By: Rev. Ken Sauer, Pastor of Grace United Methodist Church, Soddy Daisy, TN www.graceumcsd.org

Are these tough economic times or what?

Housing prices have fallen to an all-time low while many folks find themselves unable to pay their mortgages.

Gas prices, although they have dropped 20 cents in the past week, are effecting the price of just about everything.

I read a few weeks ago that grocery prices have risen 80% in the past three years.

Is your pay-raise…if you receive one…staying in lock-step with that?

Our economy is depressed.

The entire country is depressed.

People are stressed to the max about money.

So, I figured, what better time could there possibly be to preach about tithing to the local church?

It’s interesting to note that the Methodist Movement, of which we are all apart, got it’s start during a time that England was in such bad economic straits that all the pundits were placing their bets on a bloody revolution!!!

The workers were mad!!!

Those who were out of work were even more angry!!!

And the business people were scared to death.

The Methodist Movement staved off a bloody revolution and helped bring England out of their economic crisis by converting the masses to Christianity, through which persons began to see the world and other people through a completely new lens!!!

The founder of Methodism, John Wesley, stressed honest business practices.

And the workers were given instructions and the motivation from God to work hard and cheerfully.

It got so good that Wesley became worried because the previously dirt poor Methodists were beginning to become wealthy…and wealth was a spiritual danger in Wesley’s eyes.

So John Wesley came up with the Methodist Stewardship plan:

“Make all you can. Save all you can.
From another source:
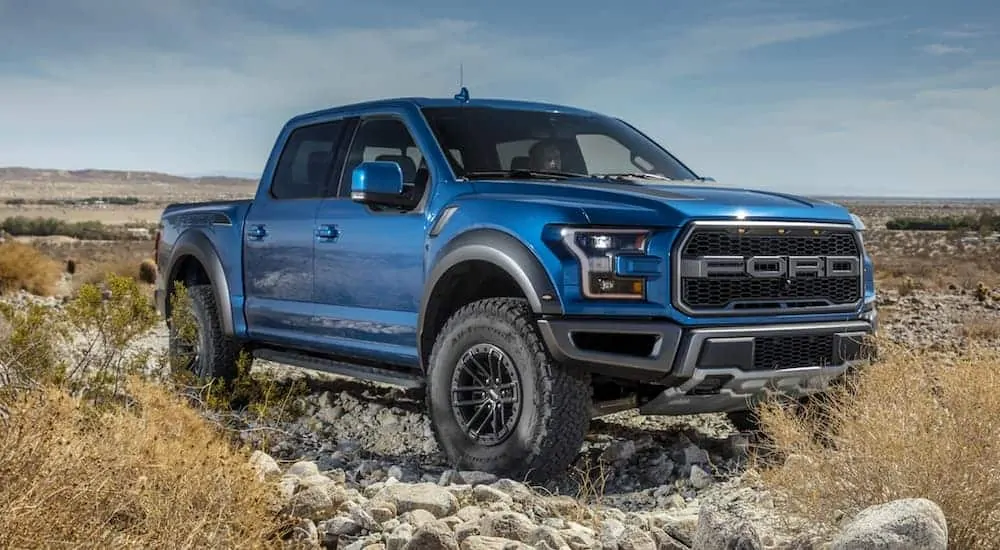 A blue 2020 Ford Raptor is parked off-road on a rocky trail.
Give all you can.”

And in keeping with that plan, the Great Awakening continued to take on speed.

Methodism spread like wildfire, and thousands were converted to Christianity across the globe.
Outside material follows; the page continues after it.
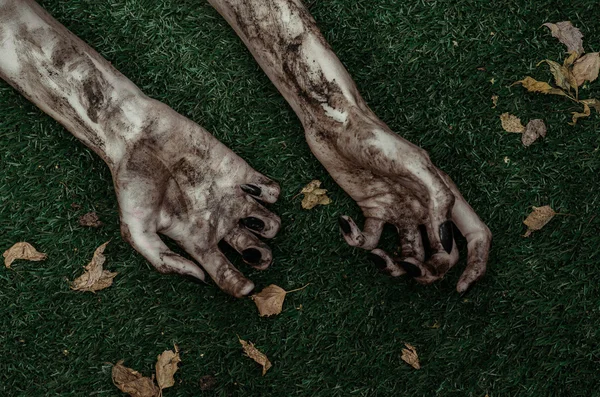 Horror en Halloween thema: verschrikkelijke zombie handen vuil met zwarte nagels liggen op het groene gras, de walking dead Apocalyps, top weergave — Stockfoto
We sure could use a Great Awakening today!!!

In the Book Justice in the Burbs: Being the Hands of Jesus Wherever You Live Lisa Samson writes: “I realized something about myself I never had before.

I spent loads of money.

And when I did that, I kept myself from helping others the way Jesus wanted me to.”

Are we keeping ourselves from helping others the way Jesus wants us to?

If so, we are robbing God and we are robbing ourselves.

We live in an extraordinarily materialistic and consumerist society.

We are immersed in a culture that feeds an appetite for more and bigger, and it fosters the myth that self-worth is found in material wealth and that happiness is found in possessing.

Thirty-year-olds feel like failures because they don’t already have the kind of house and car that their parents own, and forty-year-olds feel unsuccessful because they aren’t millionaires.

My friends, this kind of thinking is killing us all!!!

Millions of couples struggle under oppressive levels of debt that strain marriages, destroy happiness, and intensify conflict and anxiety.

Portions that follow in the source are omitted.